C’est parfois rassurant de s’éloigner des cercles étudiants. Nous sommes quatre employés au restaurant le vendredi soir. Aucun n’est étudiant au cégep ou à l’université. Tous appuient la lutte étudiante.
Parfois, c’est aussi inquiétant de s’éloigner des cercles étudiants. J’ai entendu un client, baby-boomer bavard et buveur, comparer Gabriel Nadeau-Dubois à Oussama Ben Laden: «C’est un petit terroriste qui menace la sécurité de l’État Québécois».
Tsé, quand tu te retiens d’engueuler un client par respect pour ton patron…
Je ne me suis pas joint à la grande manif nocturne, ayant fini de travailler trop tard, même si les milliers de marcheurs semblaient inépuisables. Si le restaurant avait été fermé hier soir, il y aurait eu au moins trois personnes de plus dans la rue, moi et deux collègues. Ça a l’air de rien, mais quand on pense à la quantité d’étudiants et d’étudiantes qui travaillent 15-20 heures chaque fin de semaine pour payer leurs frais de scolarité, leur loyer et leur épicerie, au lieu d’étudier ou de manifester, ça en fait du monde.
C’est ce que je me suis dit: y a du monde en maudit qui observent sans pouvoir participer. Qui n’ont pas le droit de grève. Qui bouillent tous seuls devant leur écran, qui ne peuvent pas sortir dans la rue car ils s’occupent des enfants ou qui ne n’osent pas sortir avec leurs enfants car ils craignent les policiers. Y a du monde en maudit qui ont deux jobs pour arriver, qui ont un pied dans le plâtre, des cours de soir, des parents inquiets et contrôlants, des chums et des blondes bourrés de préjugés.

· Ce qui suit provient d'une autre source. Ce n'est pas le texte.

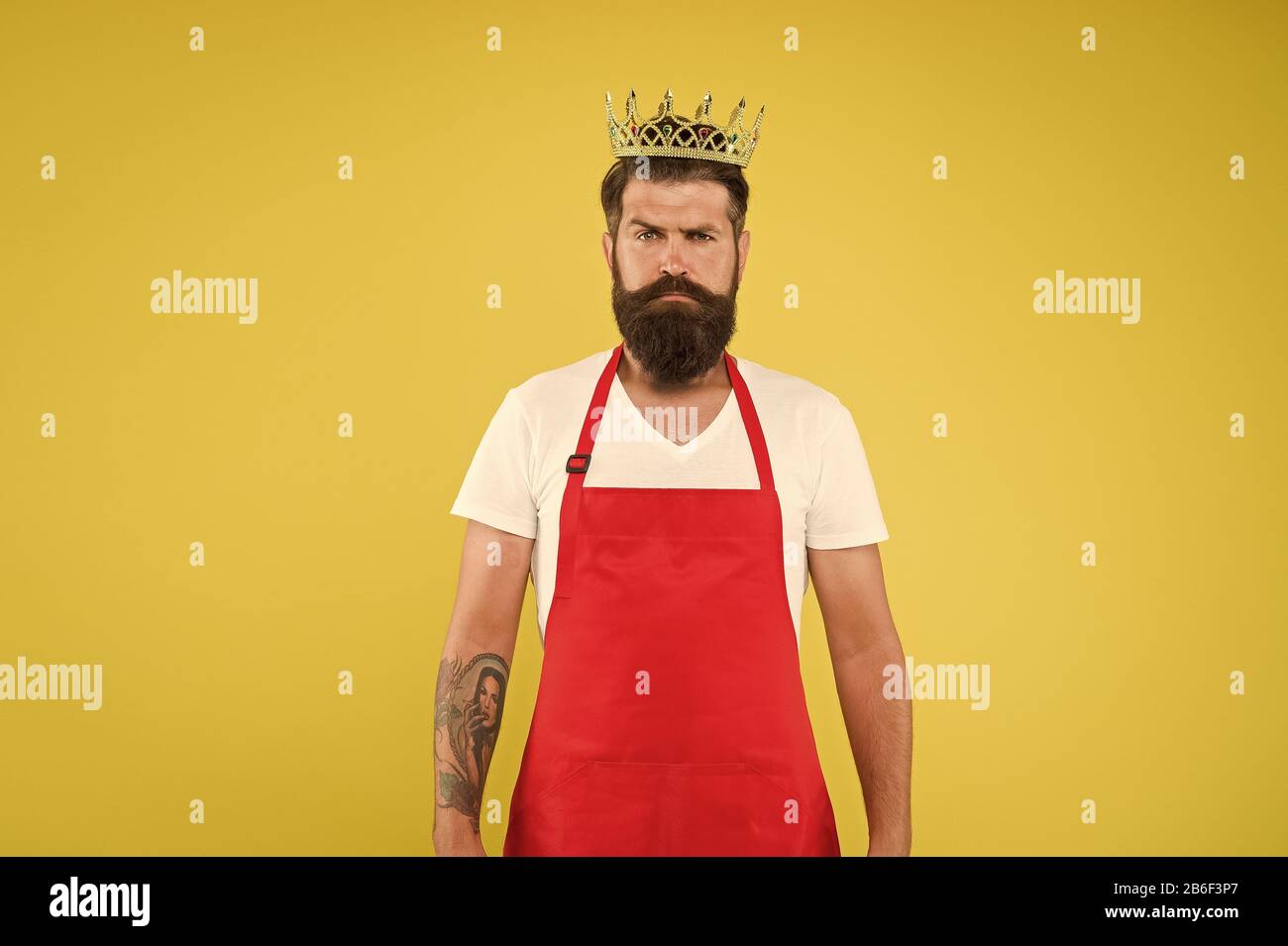 King of kitchen. Cook with beard and mustache yellow background. Man mature cook wear cooking apron and golden crown. Royal recipe. Ideas and tips. Chief cook and professional culinary. Cook food. Stock Photo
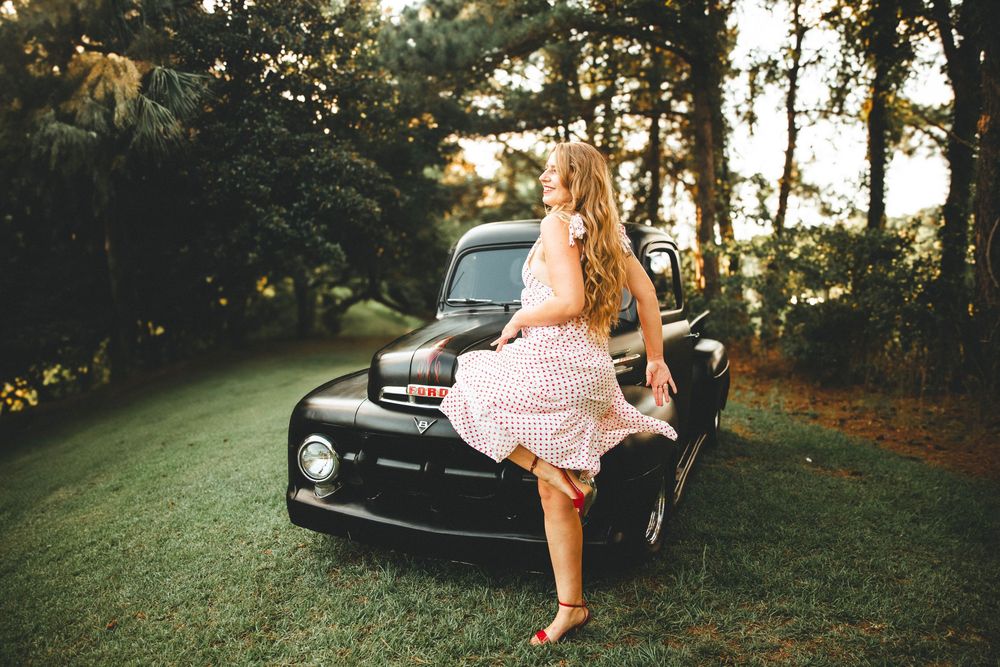 A vintage black Ford truck sits on grass at sunset while someone in a pink polka dot dress leans against the hood.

Y a du monde dans la rue, mais y a du monde en maudit qui sont ailleurs et projettent tous leurs espoirs vers ceux et celles qui peuvent prendre la rue.
Hier tous les cégeps qui ont eu à se prononcer sur la grève l’ont renouvelé. Des écoles secondaires s’ajoutent au mouvement. Des verts s’empourprent (Pascal Henrard était pour la hausse, il est maintenant contre). Hier soir, j’ai encore une fois enlevé un de mes carrés rouges pour le donner à une personne qui veut maintenant en porter un.
Tout à l’heure, j’écoutais en différé Jean Charest défendre sa position (Téléjournal de vendredi 18h). Cet homme a l’air crevé, à bout de souffle. Il est irritable, méprisant, agressif. Incapable de répondre oui ou non à une question sur des élections printanières, il multiplie les détours pour minimiser la grogne étudiante et démoniser ses adversaires politiques.
Je me dis qu’il est fatigué, mais que son caucus doit le soutenir fortement, pour qu’il continue à être aussi arrogant. Sauf que… je lis La Presse d’aujourd’hui et je me réjouis (Droits de scolarité, le caucus libéral divisé).
Le caucus libéral s’est fracturé. Line Beauchamp était prête à reculer depuis un mois. C’est son chef qui fait le tough, qui s’entête. Jean Charest et ses sous-fifres ont tout fait pour manipuler l’opinion publique. Ils l’ont bien fait, malheureusement (10 stratégies de manipulation de masse appliquées à la lutte étudiante). Mais le mouvement ne s’épuise pas. Lui oui.
Dans un mouvement collectif, chaque geste compte. Chaque manif compte. Malgré la fermeté et la force qu’il tente de laisser paraître, Jean Charest est à bout, affaibli, fragilisé. Pour reprendre l’excellente formule de mon frère:
«Exclamons-nous jusqu’à ce qu’il plie, ou qu’il s’effondre.»